Host-side bridge that exposes MJ services (metadata, views, queries, entity CRUD, action invocation, agent run, AI prompt execution) to sandboxed Runtime-action code via `utilities.*`. Ships a default implementation of `RuntimeActionBridgeBuilder` that `@

Readme

@memberjunction/action-runtime-host

Host-side bridge that exposes MJ services (metadata, views, queries, entity CRUD, action invocation, agent run, AI prompt execution) to sandboxed Runtime-action code via the utilities.* namespace.

Ships the default concrete implementation of RuntimeActionBridgeBuilder from @memberjunction/actions-base. @memberjunction/actions resolves it at runtime through MJGlobal.ClassFactory.CreateInstance(...).

Why this package exists (the cycle)

Building the bridge handler map requires touching:

  • ActionEngineServer (from @memberjunction/actions) — for utilities.actions.Invoke
  • AgentRunner (from @memberjunction/ai-agents) — for utilities.agents.Run
  • AIEngine (from @memberjunction/aiengine) — for agent / prompt metadata
  • AIPromptRunner (from @memberjunction/ai-prompts) — for utilities.ai.ExecutePrompt

Those last three packages already depend on @memberjunction/actions. Putting the bridge source inside @memberjunction/actions (where it used to live) created a cycle that could only be hidden with await import(...) calls and as never casts — fragile, untyped, and easy to break silently.

This package sits at the top of the Actions stack, above every package it touches, so every import can be fully static and fully type-checked.

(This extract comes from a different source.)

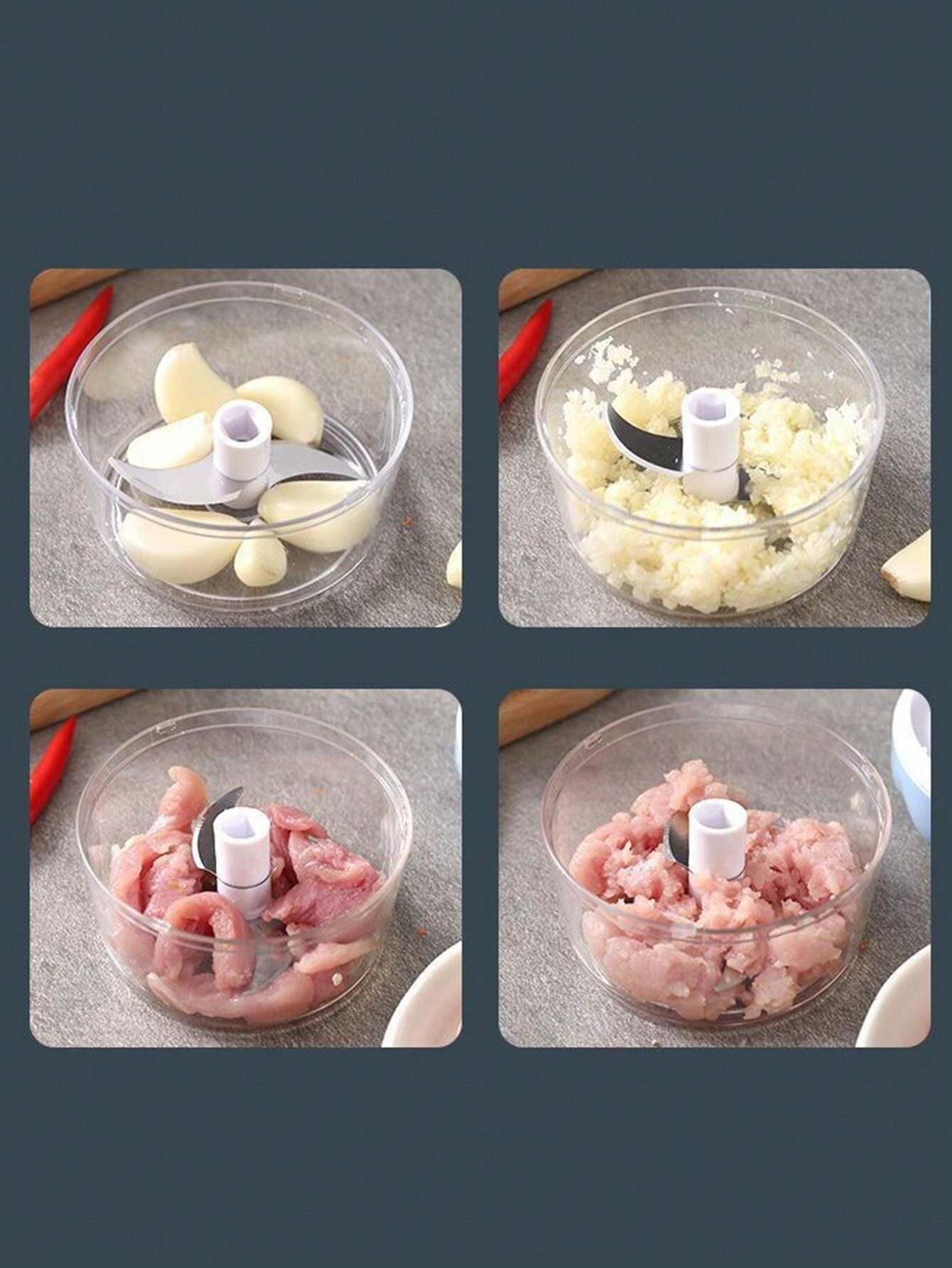 Second Generation Mini Garlic Press With Cutting, Squeezing And Mashing Functions, Handheld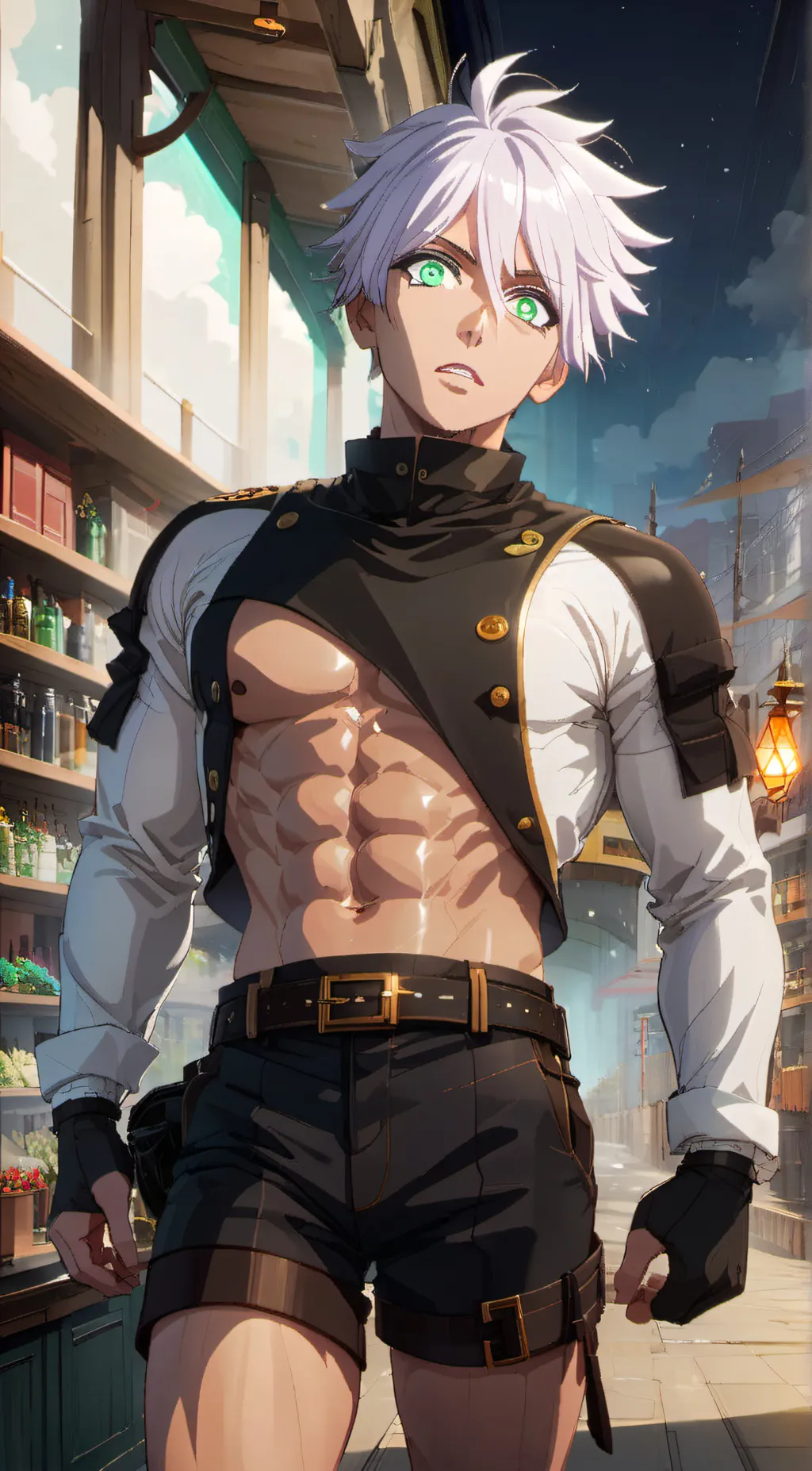 ai character: Dojo background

core · global · core-entities
              │
              ├── actions-base           ← contract: RuntimeActionBridgeBuilder abstract
              ├── code-execution         ← sandbox runner
              ├── action-runtime         ← RuntimeActionExecutor
              ├── aiengine · ai-prompts · ai-core-plus
              │
              ├── actions                ← ClassFactory lookup, no AI deps
              │     │
              │     └── ai-agents
              │           │
              │           └── action-runtime-host  ← THIS PACKAGE (default bridge)

How ActionEngine uses it

// Inside @memberjunction/actions (ActionEngine.RunRuntimeAction):
const builder = MJGlobal.Instance.ClassFactory.CreateInstance<RuntimeActionBridgeBuilder>(
  RuntimeActionBridgeBuilder
);
if (builder) {
  bridgeHandlers = builder.BuildHandlers({ action, config, contextUser, abortSignal });
  preamble = builder.GetPreamble();
}
// If no builder is registered, Runtime actions still run in pure-compute mode —
// they just can't call any utilities.* bridge namespaces.

Two things to notice:

  1. No static dependency on this package from Engine. Engine imports only the abstract from actions-base; the concrete is resolved by name at runtime.
  2. Graceful degradation. If no subclass is registered (e.g., this package was never loaded), pure-compute Runtime actions still work. That makes minimal builds possible.

Bootstrap wiring

For the default bridge to register itself, this package has to be imported somewhere so its @RegisterClass decorator fires. The standard MJ flow handles this for you:

  • @memberjunction/server-bootstrap lists action-runtime-host as a dependency
  • The bootstrap manifest (ServerBootstrap/src/generated/mj-class-registrations.ts) is regenerated by mj codegen manifest and statically imports DefaultRuntimeActionBridgeBuilder alongside every other @RegisterClass-decorated class
  • MJAPI's entry point imports @memberjunction/server-bootstrap/mj-class-registrations, which transitively triggers our registration

No manual wiring needed in consuming apps.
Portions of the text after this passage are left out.